D’abord, dans les années 1950 et ’60, l’acteur Sidney Poitier s’était façonné l’image mondialement connue du noble noir. Ainsi, il était devenu le moteur incontestable, quoique aseptisé, de l’avancement des droits civiques aux États-Unis. Dans des films réalisés sans exception par des hommes blancs, de renom, certes, tels que Joseph L. Mankiewicz, Richard Brooks, Stanley Kramer et Norman Jewison, il endossait la plupart du temps le rôle du jeune homme exemplaire, mis en difficulté dans sa vie quotidienne par le simple fait d’être afro-américain. Ce stéréotype avait connu son apothéose en 1967 dans Devine qui vient dîner de Stanley Kramer, précisément conçu pour que le seul reproche que la partie la plus réactionnaire du public puisse faire au futur gendre relevait de sa couleur de peau.

Puis, à partir des années ’70, Poitier avait sensiblement changé de stratégie. En devenant réalisateur presque par accident, il avait donné une voix à sa communauté, en parallèle du mouvement plus ample de la blaxploitation.

Le point de bascule était Buck et son complice, en apparence un western des plus ordinaires. Et un film qui n’a a priori guère voyagé en dehors de son pays d’origine, comme la plupart des huit réalisations ultérieures de Poitier. Pourtant, il s’agit d’une œuvre révisionniste particulièrement ferme dans son propos de retour de bâton historique. Car pour une fois, ce sont les personnages afro-américains qui y tiennent le haut de l’affiche et du pavé. Ils n’y sont plus les victimes dociles d’un discours condescendant, encore de mise dans certains films bien-pensants de Poitier acteur, mais font tout leur possible afin de gagner, eux aussi, leur place au soleil. Cette belle utopie devient envisageable à la fois au prix de maints pauvres pionniers noirs massacrés et grâce à une forme de loyauté très peu répandue dans le genre du western entre ces derniers et les indiens.
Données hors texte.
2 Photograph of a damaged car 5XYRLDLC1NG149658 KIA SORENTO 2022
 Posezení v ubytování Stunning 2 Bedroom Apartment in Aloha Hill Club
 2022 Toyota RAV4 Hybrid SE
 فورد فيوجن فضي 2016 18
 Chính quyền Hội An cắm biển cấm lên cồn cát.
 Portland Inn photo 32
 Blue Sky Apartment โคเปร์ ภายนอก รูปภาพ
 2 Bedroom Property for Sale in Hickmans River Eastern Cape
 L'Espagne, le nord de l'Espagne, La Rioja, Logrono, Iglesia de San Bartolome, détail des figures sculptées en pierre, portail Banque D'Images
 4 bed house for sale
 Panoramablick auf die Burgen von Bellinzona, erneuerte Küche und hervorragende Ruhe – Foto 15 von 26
© 1972 E and R Productions Corp. / Belafonte Enterprises / Columbia Pictures / Park Circus France Tous droits réservés

Synopsis : Après la guerre de Sécession, Buck, un ancien sergent de l’armée de l’Union, s’est reconverti en chef de convoi. Il est spécialisé dans le transfert d’anciens esclaves des plantations du sud, désireux de commencer leur vie de liberté à l’ouest. Son travail est rendu difficile, voire dangereux par les attaques d’anciens esclavagistes, richement payés pour ramener de gré ou de force les anciens travailleurs à leur point de départ. Pris en chasse par la horde de Deshay, il croise le chemin du révérend Willis Oakes Rutherford, un prêcheur roublard qui cherche avant tout son propre intérêt. Finalement, les deux hommes feront équipe, afin de guider le dernier convoi de Buck vers la terre promise du Colorado.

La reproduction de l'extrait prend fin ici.